[Stored entries]
======
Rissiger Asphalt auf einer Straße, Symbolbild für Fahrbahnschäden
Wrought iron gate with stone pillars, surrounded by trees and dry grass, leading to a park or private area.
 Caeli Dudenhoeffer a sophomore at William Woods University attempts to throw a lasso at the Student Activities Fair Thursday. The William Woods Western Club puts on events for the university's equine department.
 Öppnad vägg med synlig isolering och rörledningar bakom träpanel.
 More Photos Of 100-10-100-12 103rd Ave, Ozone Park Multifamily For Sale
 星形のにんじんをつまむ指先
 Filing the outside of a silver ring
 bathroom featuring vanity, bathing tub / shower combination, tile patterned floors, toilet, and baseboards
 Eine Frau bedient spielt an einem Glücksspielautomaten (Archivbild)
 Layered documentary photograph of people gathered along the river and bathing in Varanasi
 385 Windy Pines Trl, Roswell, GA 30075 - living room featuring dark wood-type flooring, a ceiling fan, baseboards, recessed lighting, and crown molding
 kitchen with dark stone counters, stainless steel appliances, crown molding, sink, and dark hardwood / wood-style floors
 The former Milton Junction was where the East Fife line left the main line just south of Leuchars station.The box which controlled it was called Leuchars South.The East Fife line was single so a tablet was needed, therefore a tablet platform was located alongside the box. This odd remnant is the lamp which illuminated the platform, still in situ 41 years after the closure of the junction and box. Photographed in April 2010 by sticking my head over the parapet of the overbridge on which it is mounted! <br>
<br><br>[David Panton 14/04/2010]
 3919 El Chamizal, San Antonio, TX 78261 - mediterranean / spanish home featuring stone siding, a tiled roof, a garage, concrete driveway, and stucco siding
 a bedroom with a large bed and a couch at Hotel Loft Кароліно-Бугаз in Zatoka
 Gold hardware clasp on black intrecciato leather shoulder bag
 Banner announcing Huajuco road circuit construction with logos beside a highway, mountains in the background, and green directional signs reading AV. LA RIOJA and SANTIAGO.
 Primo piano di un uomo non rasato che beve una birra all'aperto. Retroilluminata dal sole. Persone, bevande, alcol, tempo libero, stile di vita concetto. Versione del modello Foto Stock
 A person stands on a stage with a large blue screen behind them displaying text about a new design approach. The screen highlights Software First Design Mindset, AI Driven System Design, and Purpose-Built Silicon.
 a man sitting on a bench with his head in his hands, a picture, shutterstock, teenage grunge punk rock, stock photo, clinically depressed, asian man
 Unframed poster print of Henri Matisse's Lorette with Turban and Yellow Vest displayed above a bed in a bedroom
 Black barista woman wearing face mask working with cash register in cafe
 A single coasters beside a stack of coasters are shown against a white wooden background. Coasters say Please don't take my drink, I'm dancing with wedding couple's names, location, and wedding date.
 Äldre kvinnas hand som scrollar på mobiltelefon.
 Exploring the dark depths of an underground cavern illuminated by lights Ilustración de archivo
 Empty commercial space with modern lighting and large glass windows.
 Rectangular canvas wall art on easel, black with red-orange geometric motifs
======
**What you should do:** Each entry above needs to be output exactly.

**Answer area:**
Rissiger Asphalt auf einer Straße, Symbolbild für Fahrbahnschäden
Wrought iron gate with stone pillars, surrounded by trees and dry grass, leading to a park or private area.
 Caeli Dudenhoeffer a sophomore at William Woods University attempts to throw a lasso at the Student Activities Fair Thursday. The William Woods Western Club puts on events for the university's equine department.
 Öppnad vägg med synlig isolering och rörledningar bakom träpanel.
 More Photos Of 100-10-100-12 103rd Ave, Ozone Park Multifamily For Sale
 星形のにんじんをつまむ指先
 Filing the outside of a silver ring
 bathroom featuring vanity, bathing tub / shower combination, tile patterned floors, toilet, and baseboards
 Eine Frau bedient spielt an einem Glücksspielautomaten (Archivbild)
 Layered documentary photograph of people gathered along the river and bathing in Varanasi
 385 Windy Pines Trl, Roswell, GA 30075 - living room featuring dark wood-type flooring, a ceiling fan, baseboards, recessed lighting, and crown molding
 kitchen with dark stone counters, stainless steel appliances, crown molding, sink, and dark hardwood / wood-style floors
 The former Milton Junction was where the East Fife line left the main line just south of Leuchars station.The box which controlled it was called Leuchars South.The East Fife line was single so a tablet was needed, therefore a tablet platform was located alongside the box. This odd remnant is the lamp which illuminated the platform, still in situ 41 years after the closure of the junction and box. Photographed in April 2010 by sticking my head over the parapet of the overbridge on which it is mounted! <br>
<br><br>[David Panton 14/04/2010]
 3919 El Chamizal, San Antonio, TX 78261 - mediterranean / spanish home featuring stone siding, a tiled roof, a garage, concrete driveway, and stucco siding
 a bedroom with a large bed and a couch at Hotel Loft Кароліно-Бугаз in Zatoka
 Gold hardware clasp on black intrecciato leather shoulder bag
 Banner announcing Huajuco road circuit construction with logos beside a highway, mountains in the background, and green directional signs reading AV. LA RIOJA and SANTIAGO.
 Primo piano di un uomo non rasato che beve una birra all'aperto. Retroilluminata dal sole. Persone, bevande, alcol, tempo libero, stile di vita concetto. Versione del modello Foto Stock
 A person stands on a stage with a large blue screen behind them displaying text about a new design approach. The screen highlights Software First Design Mindset, AI Driven System Design, and Purpose-Built Silicon.
 a man sitting on a bench with his head in his hands, a picture, shutterstock, teenage grunge punk rock, stock photo, clinically depressed, asian man
 Unframed poster print of Henri Matisse's Lorette with Turban and Yellow Vest displayed above a bed in a bedroom
 Black barista woman wearing face mask working with cash register in cafe
 A single coasters beside a stack of coasters are shown against a white wooden background. Coasters say Please don't take my drink, I'm dancing with wedding couple's names, location, and wedding date.
 Äldre kvinnas hand som scrollar på mobiltelefon.
 Exploring the dark depths of an underground cavern illuminated by lights Ilustración de archivo
 Empty commercial space with modern lighting and large glass windows.
 Rectangular canvas wall art on easel, black with red-orange geometric motifs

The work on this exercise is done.